On Feb. 15, 2016, Calvo’s future wife, Mariana, was three months pregnant when she suffered a miscarriage of the couple’s first children, twins. To remember, Calvo designed a rose tattoo — the “most important” tattoo to him — featuring the date, a “5’’ for his shirt number and the letters “M” and “G” for the initials of the babies’ names.
“It’s the worst thing in the world,” Calvo said of losing the two babies.
Despite the heartbreak Calvo endured last year, the Minnesota United center back can’t be anything but grateful for his life right now. Right before the starting whistle of every United match — while all the other players are standing at the ready — Calvo kneels on the pitch, raises his arms into the air, tilts his head toward the sky and prays.
At just 24 years old, Calvo is United’s captain and someone coach Adrian Heath has termed “the long-term future of the club.” He’s one of just two players to have retained his spot in the starting lineup the entire season and has played all 90 minutes each time, excluding two matches when national team duty with Costa Rica called.
This season is Calvo’s first in Major League Soccer. Heath said it won’t be long before the defender becomes a star.
“Francisco is one of the players I identified maybe two years ago, and we’ve never been in the position where we could do anything about it,” Heath said. “I watched him two or three times, thought he would develop to be the best left-sided center back in MLS. And I really believe that, and I think he’s starting to show signs of that.
“I wouldn’t trade him for anybody in the league at that position.”
Calvo is the sixth-youngest member of the Loons’ 26-man roster. When then-captain 30-year-old Vadim Demidov fell out of the lineup, Calvo was an easy choice for Heath as the next leader despite his youth.
Forward Christian Ramirez, who has become friends with Calvo off the pitch, said Calvo “talks like he’s been there before” but isn’t arrogant about it, still soaking in the wisdom from older teammates.
“He’s really family-oriented.
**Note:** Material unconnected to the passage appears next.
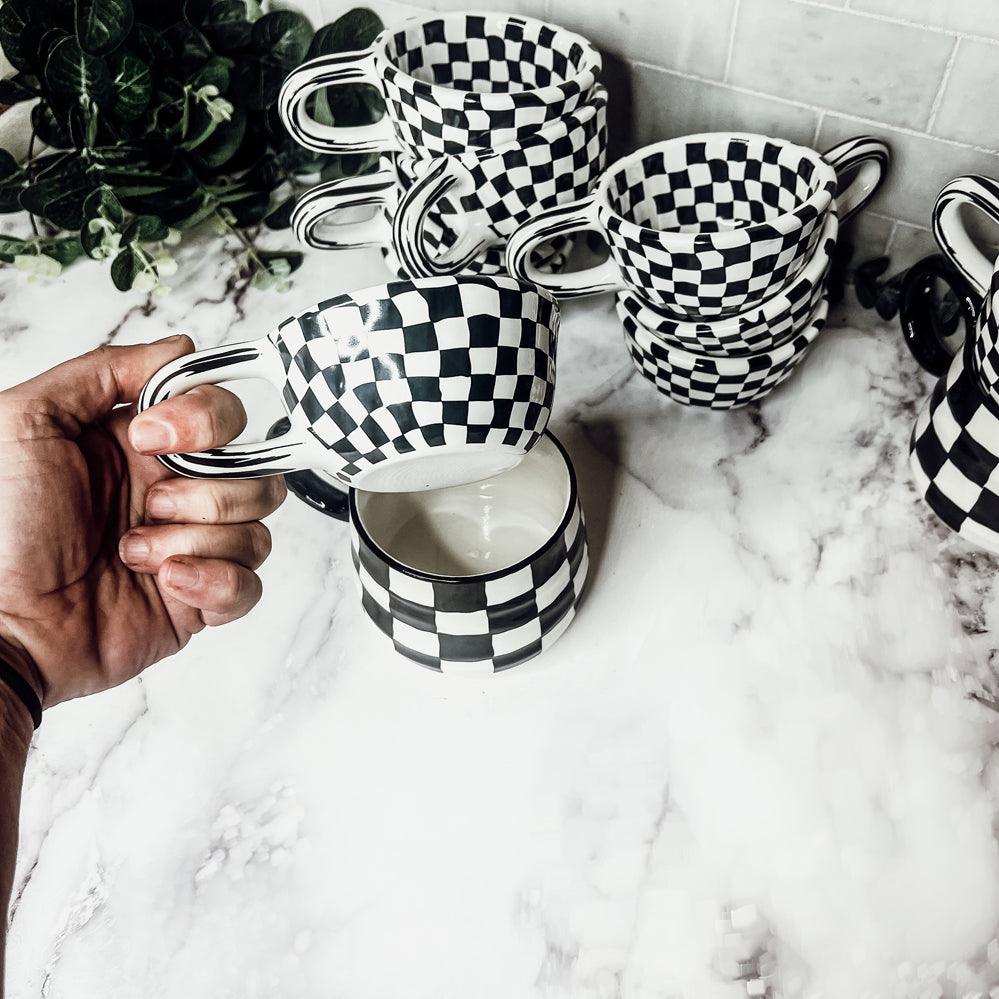 Small BW Checkered Mug-3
He’s always talking about the team being a family and wanting to build that culture,” Ramirez said. “That’s been his mainstay here is making sure that everyone’s on the same page and always protecting each other on and off the field.”
Midfielder Johan Venegas first met Calvo whe they played against each other in Costa Rica before they became teammates on the national team and for United. Venegas, in Spanish through a translator, called Calvo “one of the best center backs that I’ve been playing with.”
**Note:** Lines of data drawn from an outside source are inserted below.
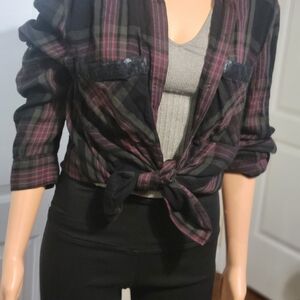 Express Checkered Tie-Front Blouse in Black and Pink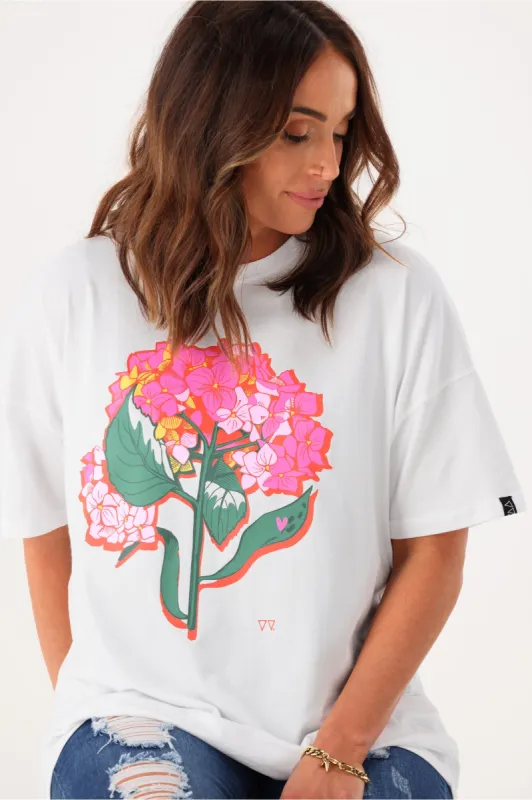 Rebel Club by Shine On Hydrangea Tee White sold by Shine On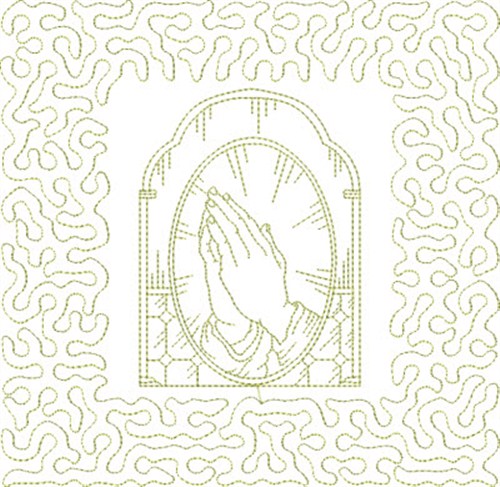 Religious Praying Hands Machine Embroidery Design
“He likes to be the organizer on the field,” Venegas said. “He likes to think ahead in terms of when the team might lose the ball, just the spaces that you need to cover. He’s just a great leader all around, giving the teammates positive energy on the field and then in the clubhouse as well.”
Calvo started playing soccer when he was 6 years old, and playing professionally had always been his dream. At age 18, he left home to play at San Jacinto College in Texas. By age 20, he had moved across the world to play in Denmark. That experience saw him mature the most, as Calvo said he had to find his place in a foreign country — and on a reigning champion team — before returning to Costa Rica.
That was also around the time he met his future wife through a mutual friend. After dating for about four years, the two married this past January, just in time for Calvo’s new endeavor in Minnesota.
With all that he’s accomplished, Calvo said he doesn’t feel very young, even though he’s not quite a quarter of a century old yet.
“I’ve lived so much in a short time, and then I become a professional, and everything happens really, really fast to me. So I have to deal with the fame and a lot of stuff that you have to deal with in Costa Rica because we are a really small country,” Calvo said. “For me, I know that I’m young, I know that maybe I have a good career in front of me. But I don’t have to waste my time.”
Calvo’s life won’t be slowing down any time soon. His wife is pregnant again, with baby boy Gael due in about two months. Calvo calls himself “that kind of guy” who enjoys talking to his baby through his wife’s stomach.
“If we go to the mall, we don’t even buy anything for us. We want to buy, like, everything for the baby, to have everything ready for him,” Calvo said. “We are really, really happy inside.
“God took two babies, but He gave me a lot of things. That’s how we say in Costa Rica. … If God takes one thing, he’s going to give you a lot of good things. He gave me a good wife. He gave me now a child on the way. He give me this contract [with United]. He’s giving me a lot of things right now.
“I mean everything, everything is good.”